## Work request:
Give back, unchanged, the lines from the one containing "havesofasæt med 4" to the end of the listing, inclusive of both.

## Data excerpts:
-=-=-=-=-

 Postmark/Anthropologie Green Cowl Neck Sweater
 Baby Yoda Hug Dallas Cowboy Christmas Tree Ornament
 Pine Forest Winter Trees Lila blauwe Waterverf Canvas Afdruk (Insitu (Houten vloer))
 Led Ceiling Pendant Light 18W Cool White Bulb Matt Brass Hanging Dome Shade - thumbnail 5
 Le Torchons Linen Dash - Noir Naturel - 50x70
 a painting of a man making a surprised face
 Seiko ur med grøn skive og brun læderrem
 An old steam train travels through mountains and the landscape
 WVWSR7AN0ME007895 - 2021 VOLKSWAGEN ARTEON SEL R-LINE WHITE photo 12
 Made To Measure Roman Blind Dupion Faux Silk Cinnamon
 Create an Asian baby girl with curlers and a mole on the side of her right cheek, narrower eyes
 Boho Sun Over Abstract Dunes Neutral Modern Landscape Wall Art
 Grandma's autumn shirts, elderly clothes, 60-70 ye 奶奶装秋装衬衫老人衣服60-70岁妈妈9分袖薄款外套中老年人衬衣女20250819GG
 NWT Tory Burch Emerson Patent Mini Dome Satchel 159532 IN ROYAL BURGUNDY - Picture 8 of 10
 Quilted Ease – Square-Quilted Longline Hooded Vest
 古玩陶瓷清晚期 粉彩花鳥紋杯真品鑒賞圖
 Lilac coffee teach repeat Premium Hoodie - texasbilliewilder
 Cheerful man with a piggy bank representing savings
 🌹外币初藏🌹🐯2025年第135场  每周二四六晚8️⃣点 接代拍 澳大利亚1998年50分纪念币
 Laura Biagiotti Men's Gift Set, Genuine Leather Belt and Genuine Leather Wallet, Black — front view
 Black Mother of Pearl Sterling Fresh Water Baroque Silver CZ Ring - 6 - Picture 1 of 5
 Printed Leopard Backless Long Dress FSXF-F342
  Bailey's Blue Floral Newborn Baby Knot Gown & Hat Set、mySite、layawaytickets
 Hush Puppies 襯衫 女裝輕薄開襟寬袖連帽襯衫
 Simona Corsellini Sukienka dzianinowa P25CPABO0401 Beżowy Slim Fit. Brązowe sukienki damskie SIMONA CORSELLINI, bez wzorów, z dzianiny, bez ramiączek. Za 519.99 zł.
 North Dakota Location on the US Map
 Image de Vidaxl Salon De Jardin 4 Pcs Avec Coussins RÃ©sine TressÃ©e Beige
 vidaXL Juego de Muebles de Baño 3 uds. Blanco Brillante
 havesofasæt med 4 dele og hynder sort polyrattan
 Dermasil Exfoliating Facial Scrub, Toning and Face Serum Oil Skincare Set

-=-=-=-=-

## Expected answer:
 havesofasæt med 4 dele og hynder sort polyrattan
 Dermasil Exfoliating Facial Scrub, Toning and Face Serum Oil Skincare Set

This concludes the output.